前月比では1.1%上昇で11月(0.5%上昇)から伸びが加速。2016年12月以来の高い伸びとなった。企業の収益性が改善しているとみられる。

キャピタル・エコノミクスのシニアエコノミスト、ジュリアン・エバンズプリチャード氏は「経済活動は底堅さを維持する見通しで、基調的なインフレは引き続き加速する可能性が高いことから、中国人民銀行(中央銀行)が年内に政策を引き締めると予想する」と述べた。

12月の製造業購買担当者景気指数(PMI)では、景況の拡大とともに原材料費の上昇も示した。

PPIの内訳で原材料価格は前年比1.6%下落。11月は4.2%下落だった。

中国国際経済交流センターのアナリスト、Zhang Yongjun氏は「現在の国際商品(コモディティー)価格の大幅回復を踏まえると、PPIは(前年比で)近く上昇に転じる可能性がある」と指摘した。

12月のCPIは前年比0.2%上昇。11月は2009年10月以来の低下だったが上昇に転じた。アナリストの予想は0.1%上昇だった。

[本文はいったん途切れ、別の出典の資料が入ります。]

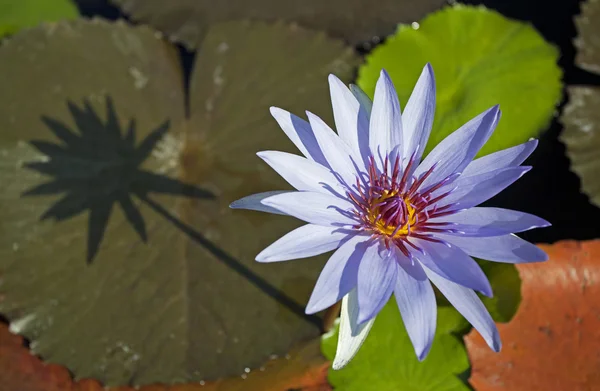 Blauwe lotus met de schaduwen — Stockfoto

食品価格は前年比1.2%上昇。11月は2.0%下落していた。統計局の担当者によると、厳しい寒さで生鮮野菜・果物の輸送コストが上昇したほか、休暇に伴う季節的な需要で肉製品も値上がりした。

ただアナリストの間では、豚の飼育数回復を受けた豚肉価格の下落が今後数カ月にわたりCPIを下押しするとの見方も出ている。

2020年のCPIは2.5%上昇となった。

*アナリストのコメントなどを追加しました。